What does it mean for "OWNER CREATOR" to be the owner of a folder?

Question

I see folders with an owner of "OWNER CREATOR" and group of "DOMAIN\Domain Users". When I copy these files, the ownership is being transferred to me. That is not the behavior I want.

However, what does it mean for a folder to have an owner of "OWNER CREATOR"? This seems odd. I also noticed that this is not supported consistently between my local file-system versus various network file-systems. For example, NetApp seems to support this type of ownership but Isilon does not. Copying files to Isilon is causing problems.

Answer 1

In case people are wondering, after research with Microsoft, the following is the best I can explain what is going on.

CREATOR OWNER is a group. It has a SID. Thus, it can be assigned as an Owner of a File or Folder.

CREATOR OWNER has special meaning when used in an Access Control Entry (ACE). In that context, it's permissions apply to the SID of the Owner and not to the CREATOR OWNER SID itself.

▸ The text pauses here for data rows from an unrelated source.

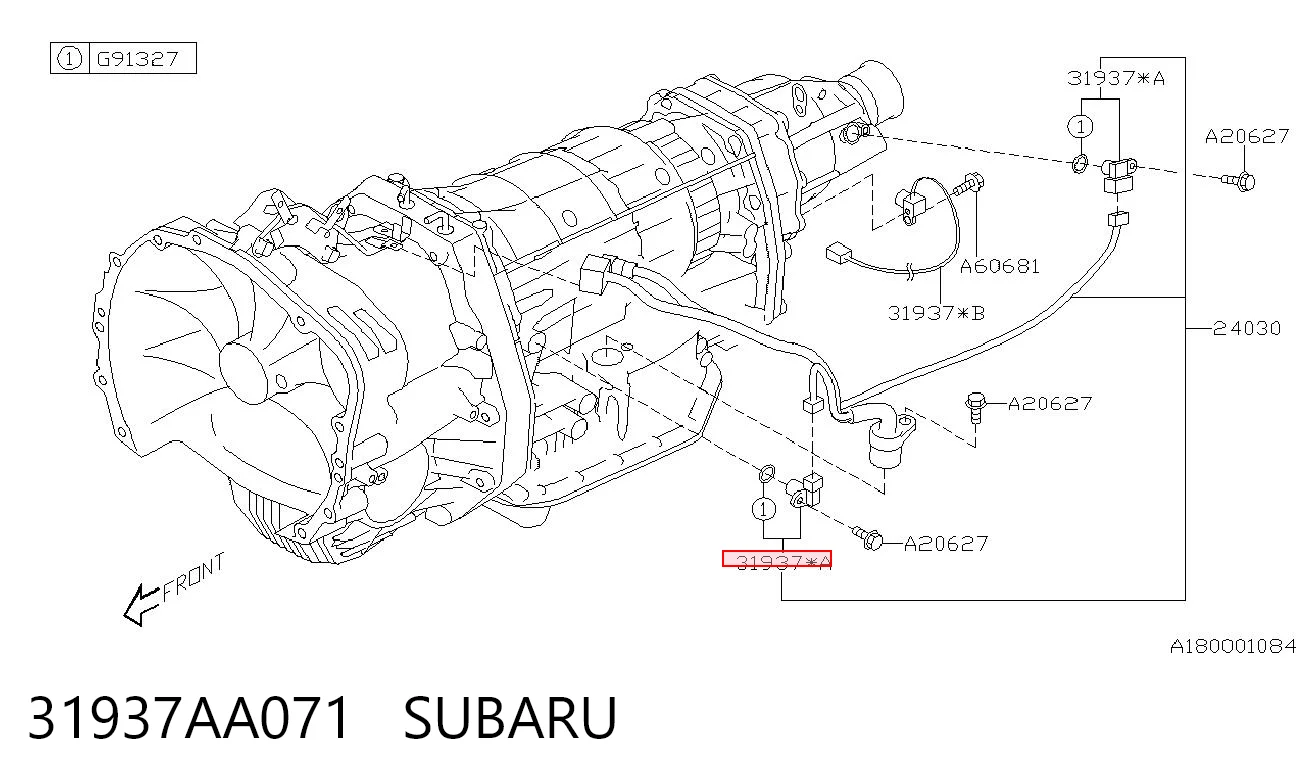 31937AA071 Subaru Captador de velocidad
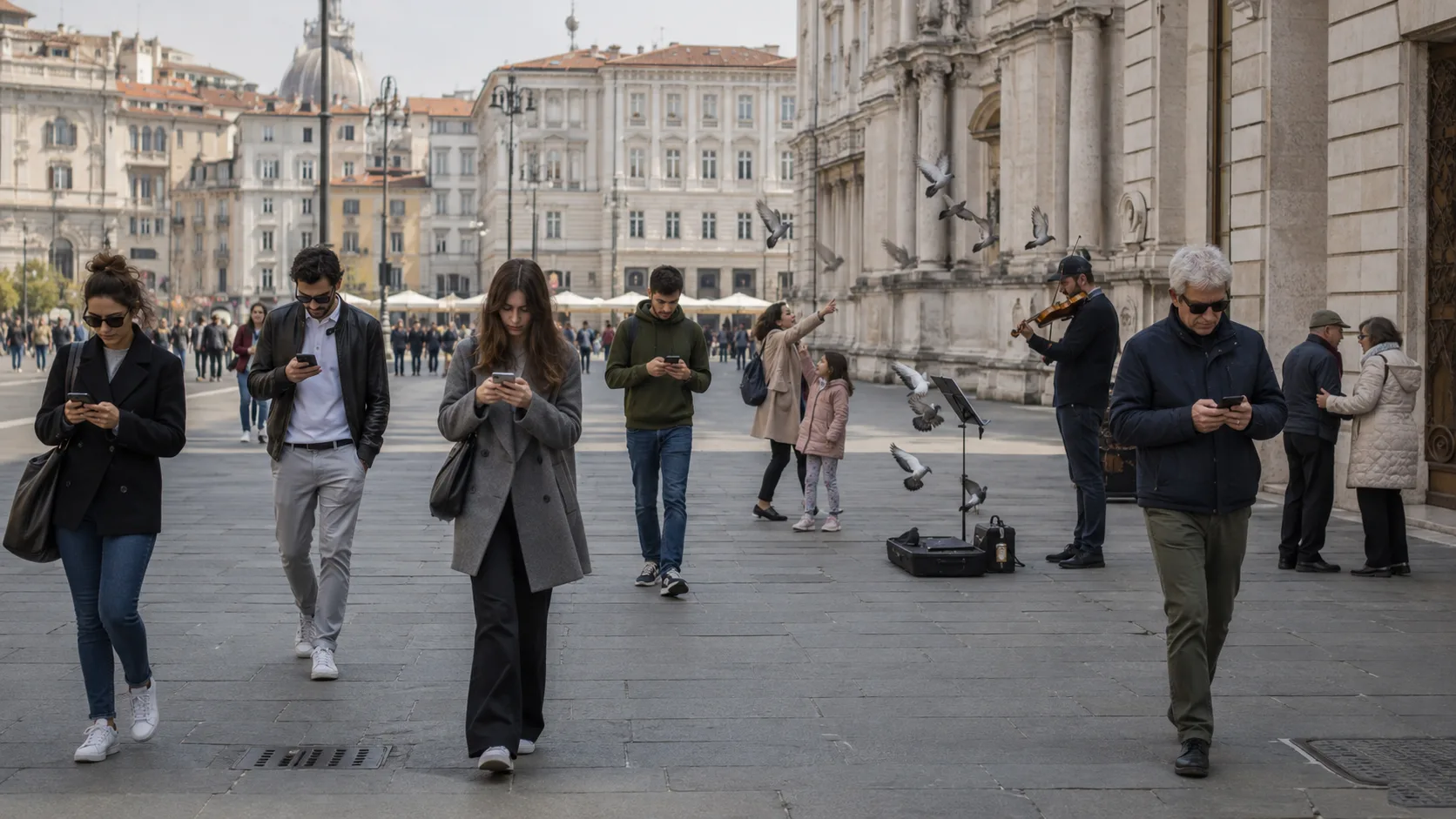 Triestino riflette: «Tutti con gli occhi sul telefonino, nessuno guarda più cosa succede intorno»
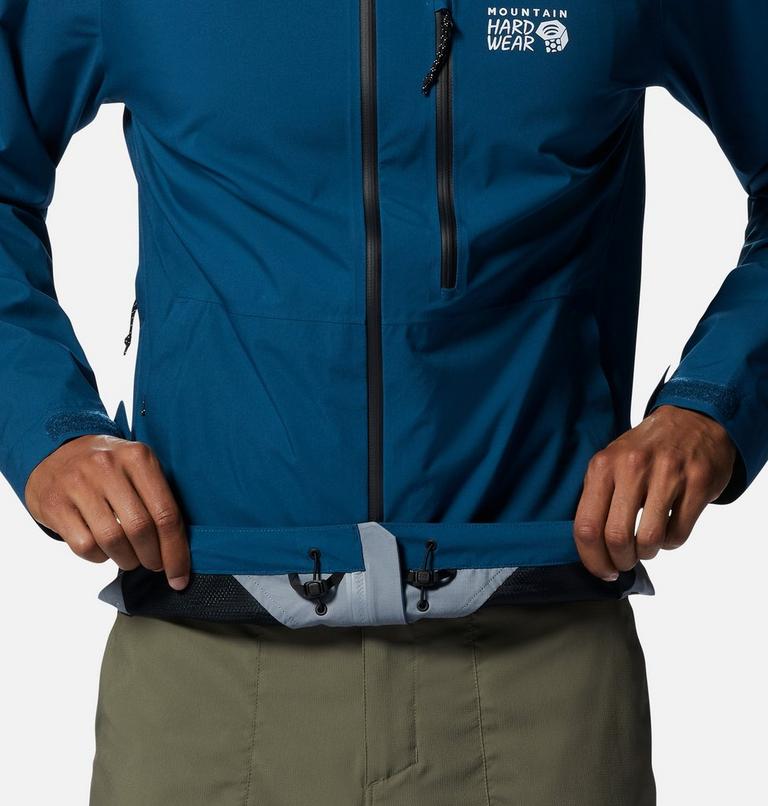 Men's Stretch Ozonic Jacket, Color: Dark Caspian, image 9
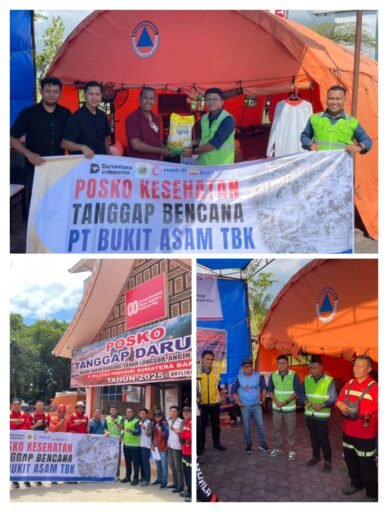 Gerak Cepat, PTBA Kirim Bantuan dan Tim Tanggap Bencana ke Wilayah Terdampak Banjir Sumatera
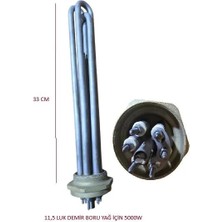 Universal 2" 5000W Kafalı Isıtıcı Demir Boru Q:11,5 33CM 220V-380V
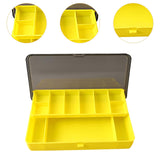 Maxbell Fishing Tackle Box Sturdy Lure Box for Enthusiast Outdoor Fishing Freshwater Yellow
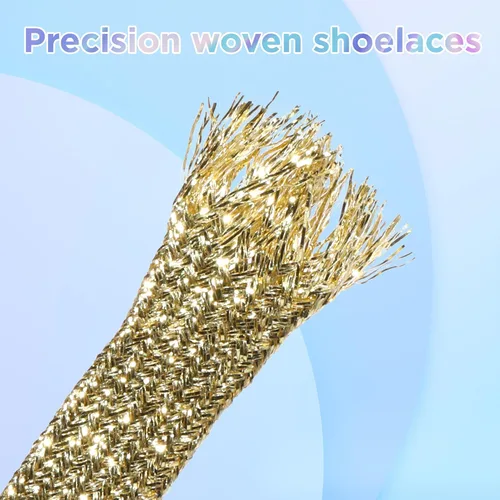 Miniatura 8 de MOTZU 2 pares de cordones planos con purpurina de 45 pulgadas para zapatillas de lona atléticas, cordones brillantes para zapatos de niños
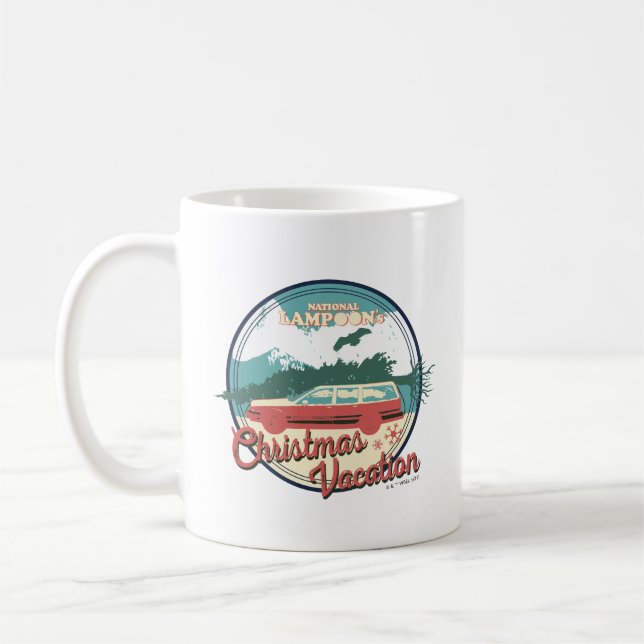 Caneca De Café Crachá de férias de Natal da National Lampoon (Esquerda)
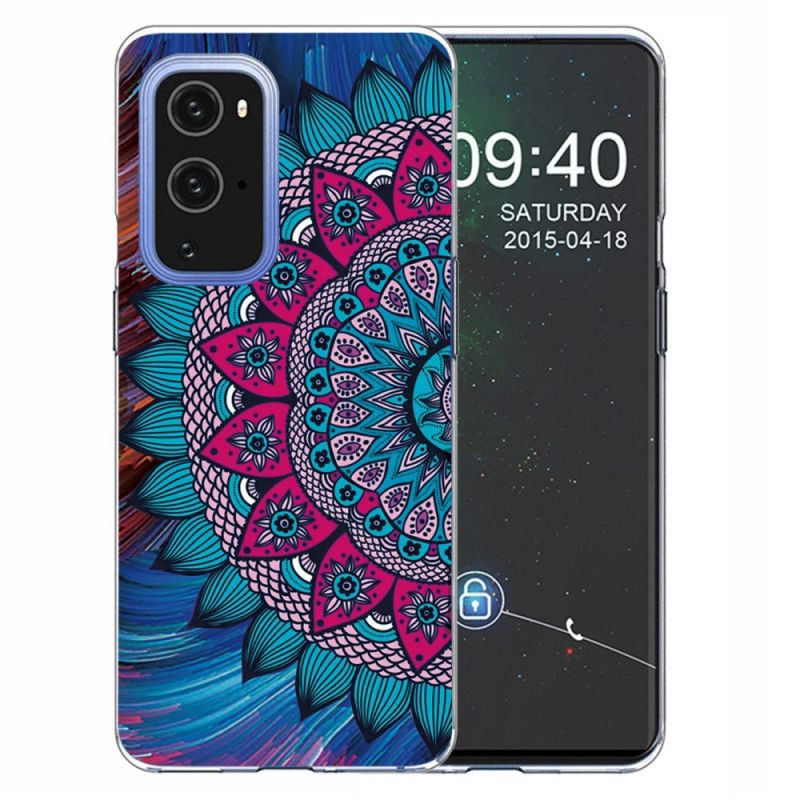 Deksel OnePlus 9 Pro Fargerik Mandala Beskyttelse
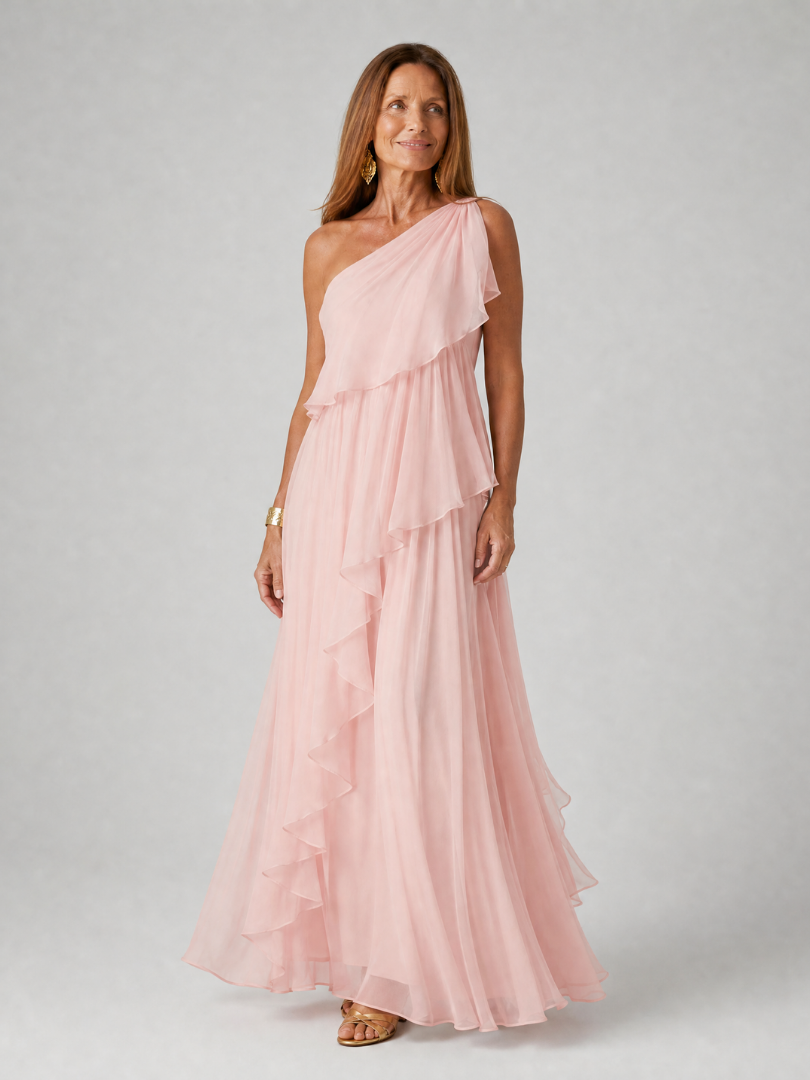 VESTIDO TERESA ASIMÉTRICO
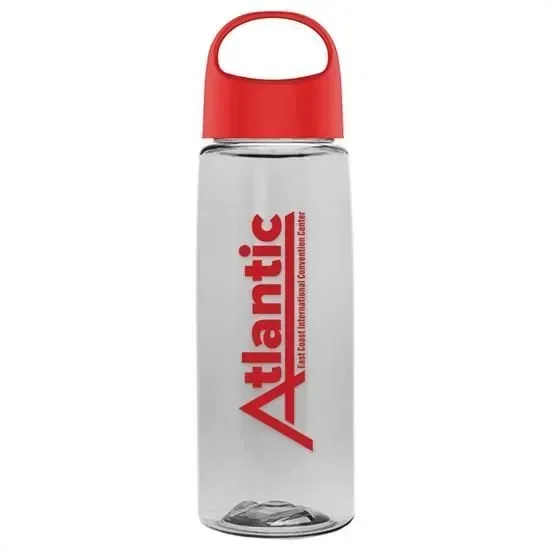 The LogoFlair - 26 oz. Custom Transparent Flair Bottle — view 2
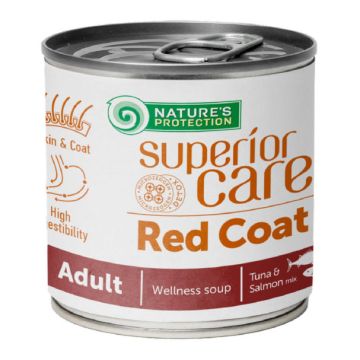 Nature's protection superior care dog soup red coat adult all breed salmon+tuna 140 ml Nature's protection superior care dog soup red coat adult all breed salmon+tuna 140 ml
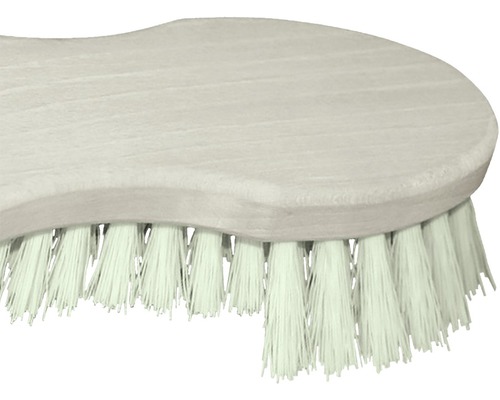 Brosse avec manche en bois et poils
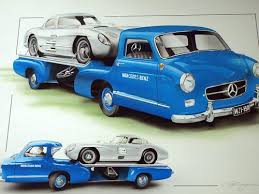 Mercedes Benz Blue Wonder Transporter Le Mans Mercedes Mercedes Slr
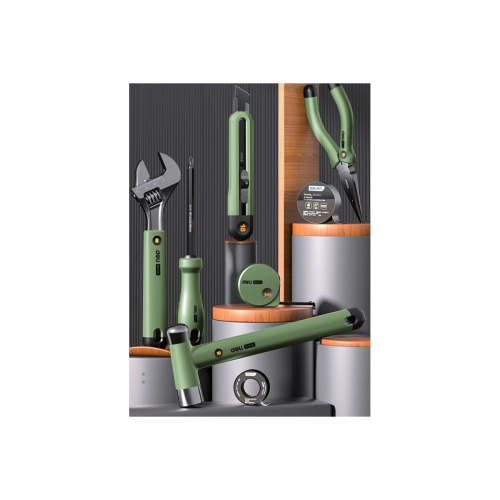 Набор ручного инструмента Deli HT0008L Home Series Green 8 предметов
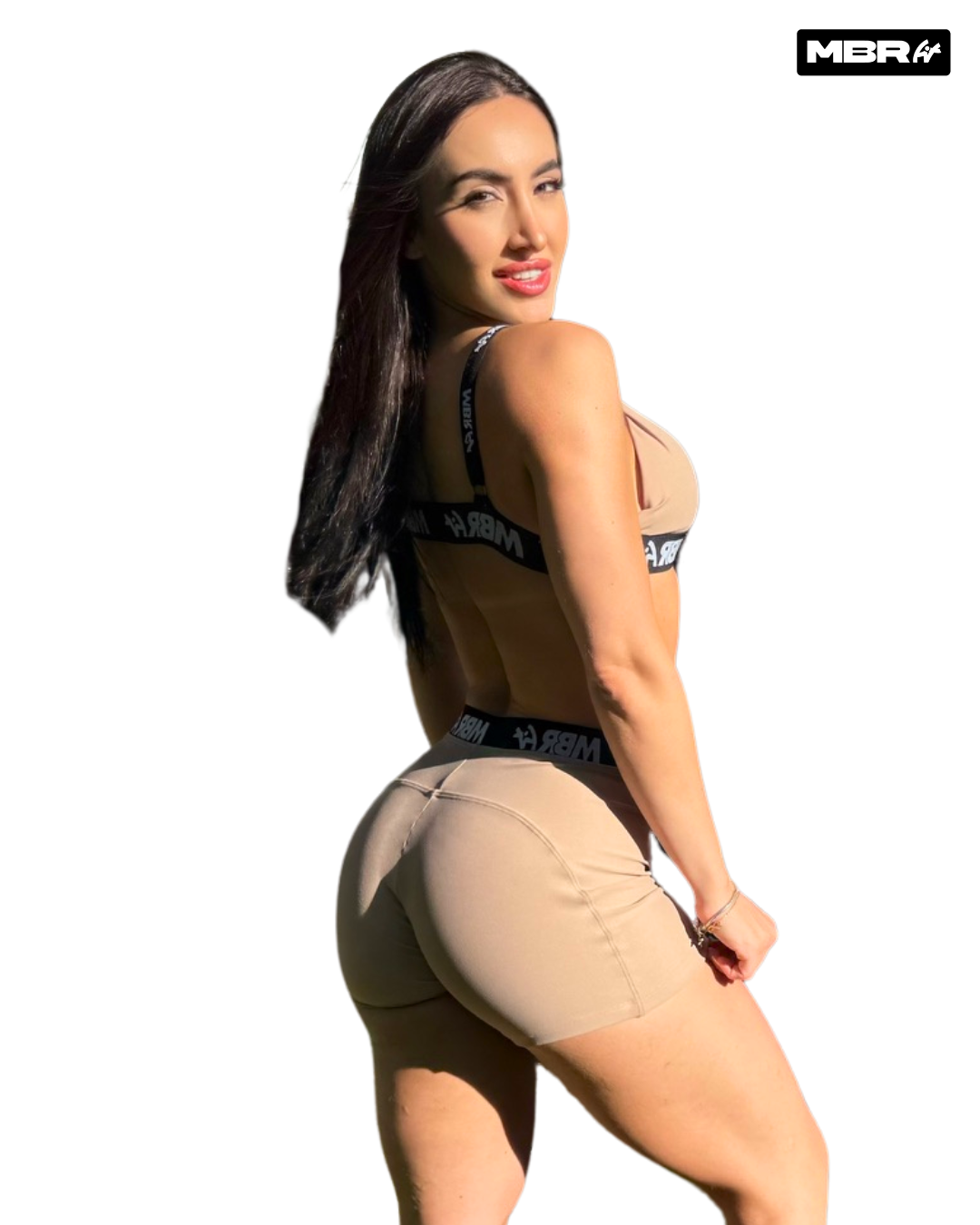 CONJUNTO SHORT ELÁSTICO NUDE (normal)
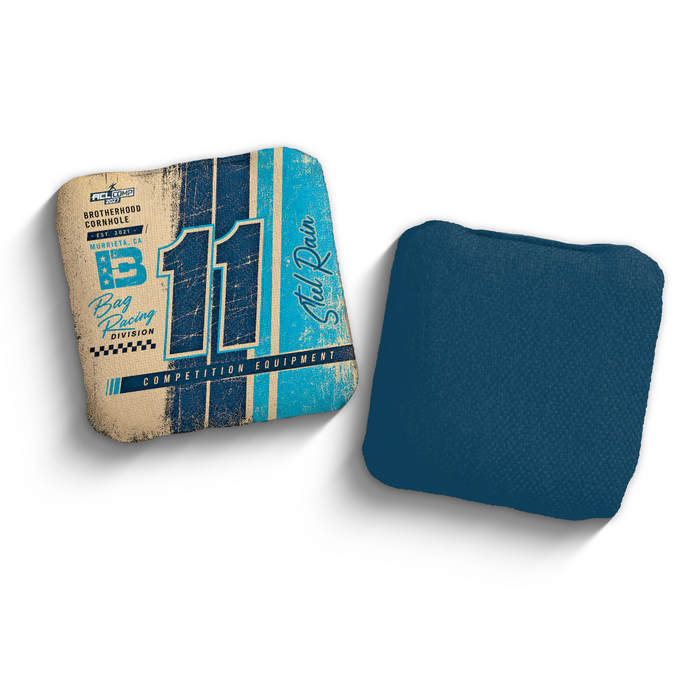 2027 Brotherhood Cornhole Steel Rain Pole Position Edition ACL Pro Stamped Cornhole Bags - Brotherhood Cornhole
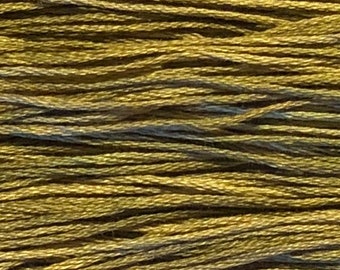Weeks Dye Works, Sage, WDW-1246, 5 YARD Skein, Cotton Floss, Embroidery Floss, Counted Cross Stitch, Hand Embroidery, PunchNeedle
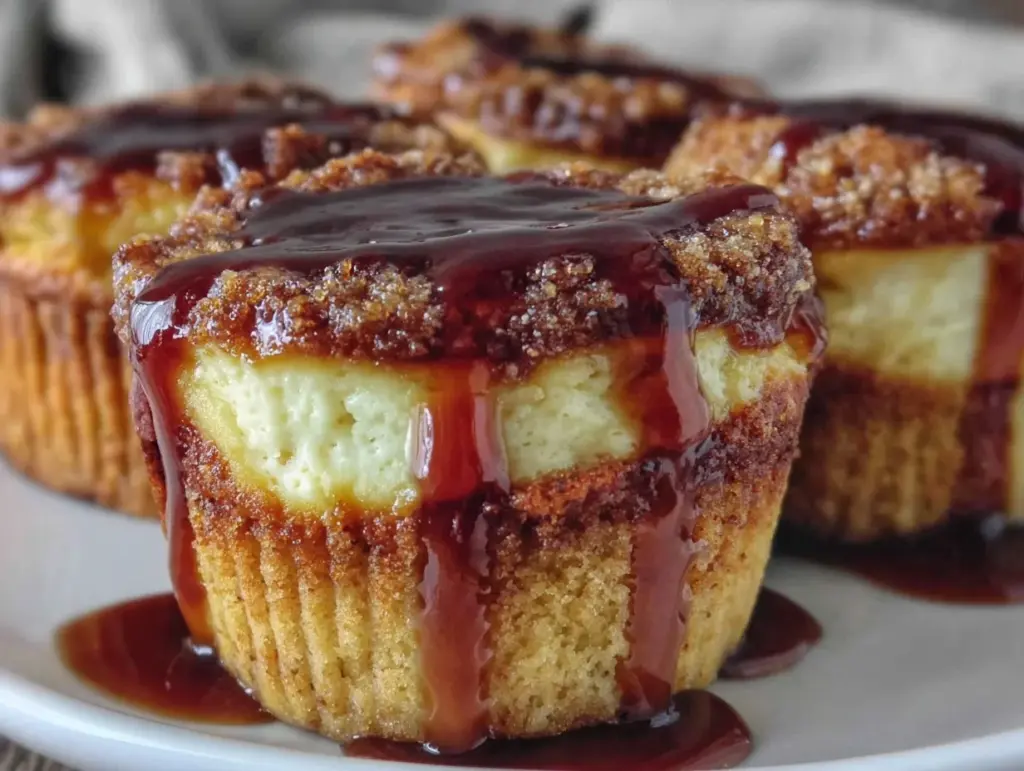 caramel flan muffins - featured image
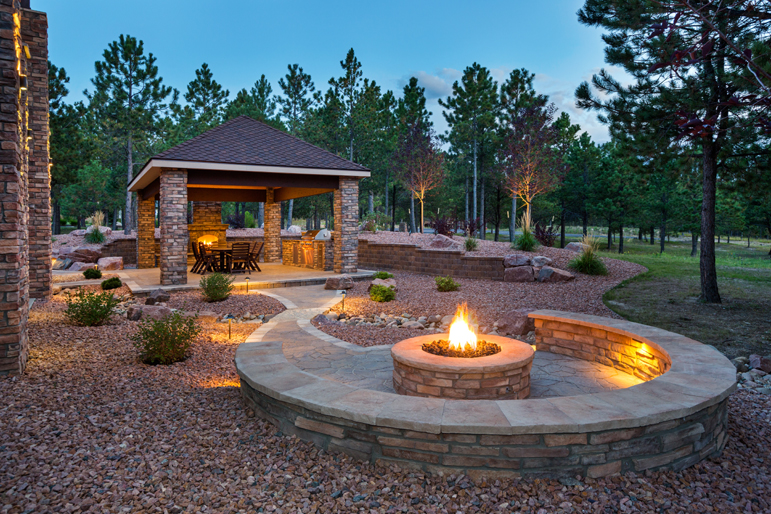 Fireplace At A Patio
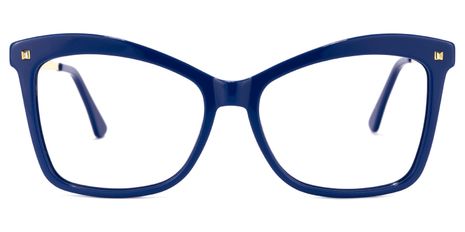 Libby - Butterfly Blue Eyeglasses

It has no special meaning when used as an Owner. So in that context, it is just a SID for a group with no members.

If you assign CREATOR OWNER as the Owner, you are doing something that is allowed, but is not very useful. In this case, any CREATOR OWNER permissions from ACEs will apply to the CREATOR OWNER SID. Since this SID is a group with no members, the CREATOR OWNER privileges never apply.

IF CREATOR OWNER is the Owner and there are no CREATOR OWNER privileges, this is the same as if the file were owned by any other member-less group.

Answer 2

EVERY object in a Windows system (be it a file, a folder, a process, ...) has a both a security descriptor AND a current owner. The latter may be a group (e.g. "Administrators") or a single-user account.

A common security setting for both directories and printer queues is: "Users - Read/Write (or: Print), Owners-Creators: Full Access".

Does that mean, that the current owner of a specific directory has "Full Access"? No, not necessarily. BTW: In W2k8/WV there are "Owner Rights", but that is another topic!

Now: Does that mean, that a user, who stores a new file in such a directory, has "Full Control" over this file, despite the fact, he was given "Read/Write"? YES!!!

And why is that? "Read/Write" is for current (i.e. existing) files / directories only! For NEW files, THAT SPECIFIC user is now the Owner/Creator, who can determine which other users may (or may not) access this file, and to which extend.

To preserve permissions when files and folders are copied or moved, use the Xcopy.exe utility with the /O or the /X switch.

Answer 3

The permissions support tied to a file is dependent on the file system that you have formatted your storage with. When coping files between two different file systems, the host system you use may be significant. You did not specify what file system you network storage was using, but that would help to give better answers.

NTFS

NTFS uses Owners, and ACLs with sub entries for other users. You can have several users or groups that have any combination of permissions to a file.

https://technet.microsoft.com/en-us/library/2005.11.howitworksntfs.aspx

EXT3, EXT4, etc.

Most linux/Unix built file systems are built around one user (Owner), one group, and everyone else (other).